Krishna Reddy opens his 1998 essay “Art Expression as a Learning Process” with a couplet by William Blake: “To see a World in a Grain of Sand / And a Heaven in a Wild Flower.” What follows is an evocative manifesto on creativity that challenges the efforts of mankind to organize a turbulent world, instead encouraging awe, that “transcendent state of observation.” Lifting its title from these lines, Krishna Reddy: Heaven in a Wildflower focuses on how Reddy’s innovative intaglio prints are manifestations of the artist’s philosophy of wonder toward the universe. Reddy’s prints dot the walls with careful explosions, as if a series of experiments in which particles collide to colorful and radiant effect.

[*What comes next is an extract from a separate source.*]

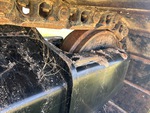 Undercarriage with Right Idler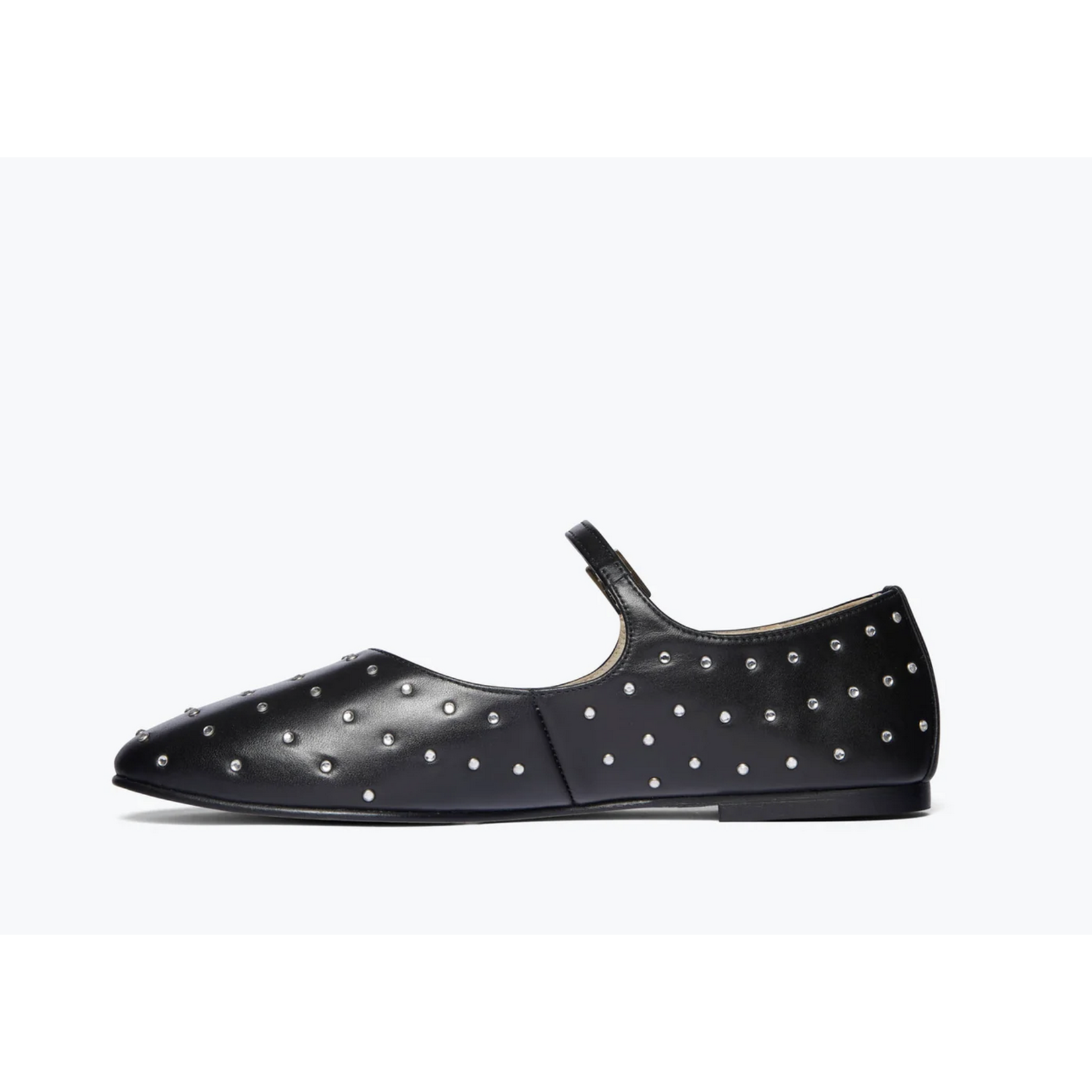 Freda Salvador Aubrey Mary Jane Flat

Despite the fact Reddy lived and worked in New York City from 1976 until his death in 2018, during which he developed the printmaking department at New York University and became deeply involved with the Robert Blackburn Printmaking Workshop, Heaven in a Wildflower is the first solo exhibition in NYC on the artist in over forty years and seeks to address a serious gap in print scholarship.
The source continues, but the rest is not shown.